Iris Recognition

Due to NDA, I can't discuss my activities within iris at Fingerprint Cards. I can mention that two of the highlights have been:

  • a hardware-based Iris/Face Liveness detector (4 patents pending);
  • lowering our resolution/signal-to-noise algo requirements to perform Iris Recognition through a Driver Monitoring System hardware.
You may find further information here: fingerprints.com/technology/software/iris/.

As from October 2023, I'm part of the NIST Iris Experts Group.

The iris is one of the most fascinating biometric traits. Eyes have always had an important symbolism in arts, religion, and spirituality: "The eyes are the window to the soul". Iris comes from ancient Greek Ἶρις, meaning both rainbow and halo of the Moon. In mythology, Iris was the personification of the rainbow and messenger of the gods.

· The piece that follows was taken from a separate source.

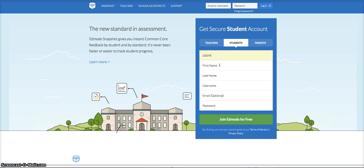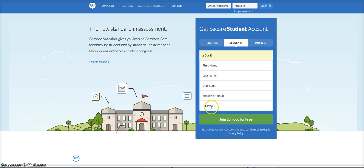Then you're going to fill out the rest of the information including first name, last name, and username. You can leave out email, and then you're going to create a password using the password format and username format that your teacher gives you instructions for.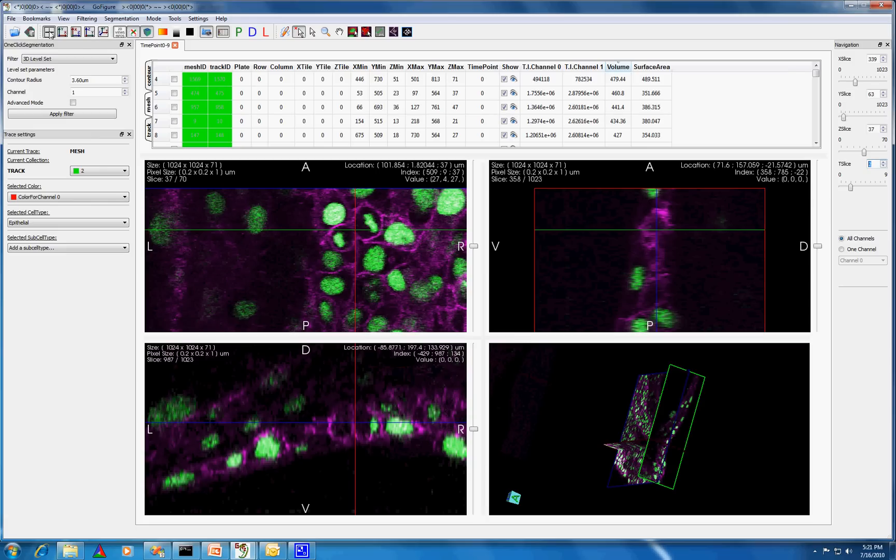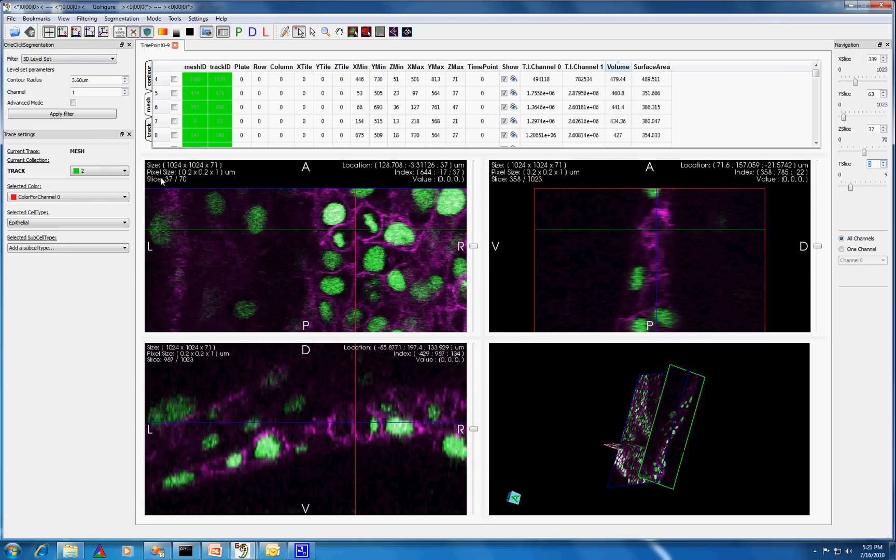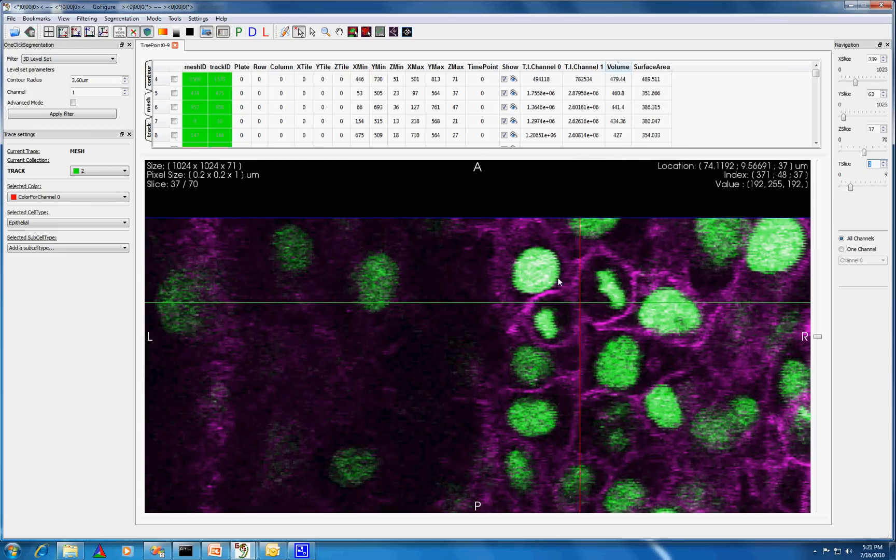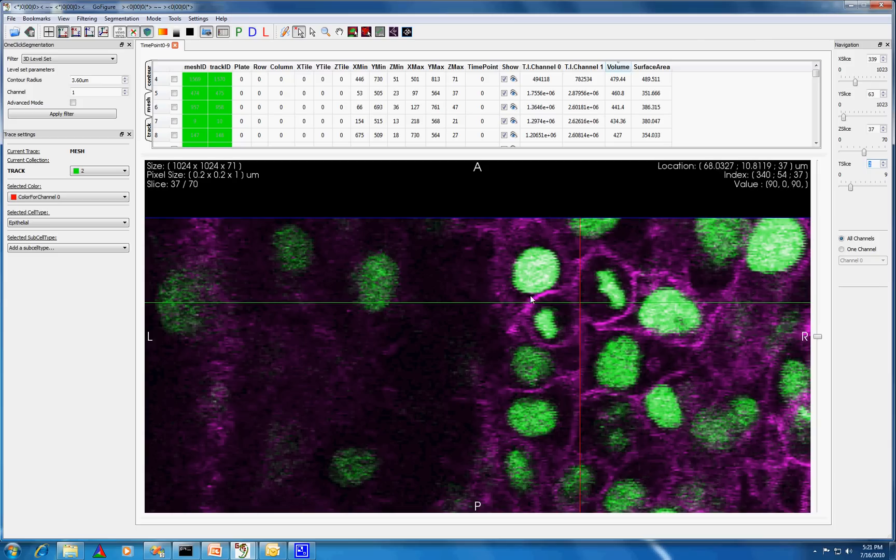At the previous time point, the cell was located at the current intersection of the different planes, so we can clearly see that the cell is dividing.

Demonstrating the impact of illumination on the robustness of iris codes using Root Mean Square Error (RMSE) between images (blue line) vs Hamming Distance (HD) between corresponding iris codes (green line). Credit: worldcoin.org

The Iris-code

The foundational algorithm for iris recognition was developed by Dr. John Daugman in the 1990s. After more than 30 years, the Daugman's iris-code is still the standard de-facto for iris recognition (at least for high-resolution images). The iris-code is a binary template encoding the salient features of the iris. Specifically, it encodes the phase of the responses of the iris to a bank of band-pass filters. The binary representation makes the matching as simple as a Hamming Distance, making a 1-to-many comparison extremely lightweight. Before encoding, the iris texture is sampled in a pseudo-polar manner, exploiting the natural circularity of the iris. The prefix "pseudo-" is there since the texture is sampled starting from the pupil to the iris boundary. In this way, the pupil dilation/constriction and the subsequent iris elastic response are absorbed. Furthermore, the pupil and limbus (the iris to sclera boundary) are typically non-concentric, making the pseudo-polar sampling even more pseudo.
Without going into further details, Daugman's virtue was to be able to encode straightforwardly and elegantly the vast entropy and diversity of the iris texture. If we discard DNA, the iris is virtually the only biometric trait you can use to uniquely distinguish people at the scale of millions or billions. Not by chance, it has been chosen in projects as Aadhaar or, more recently, by WorldCoin.

The Afghan Girl

Sharbat Gula, left, on the cover of National Geographic in 1985, and then nearly two decades later, after she was reunited with the photographer.Credit: Steve McCurry/National Geographic Society

In 1984, National Geographic photographer Steve McCurry took an iconic photograph of an Afghan girl with haunting green eyes in a refugee camp in Pakistan. The image became one of the most famous covers of National Geographic Magazine. Years later, in 2002, National Geographic decided to locate the girl from the photograph. With few clues, the team faced a daunting task in a region with millions of Pashtun tribespeople. Thanks to the beautiful details of the eyes in the photograph, they eventually successfully located her, identified as Sharbat Gula. Iris recognition technology proved that the woman found was the same girl from McCurry's 1984 photograph, showcasing the power and accuracy of such a biometric trait. This demonstrates another key feature: iris do not age.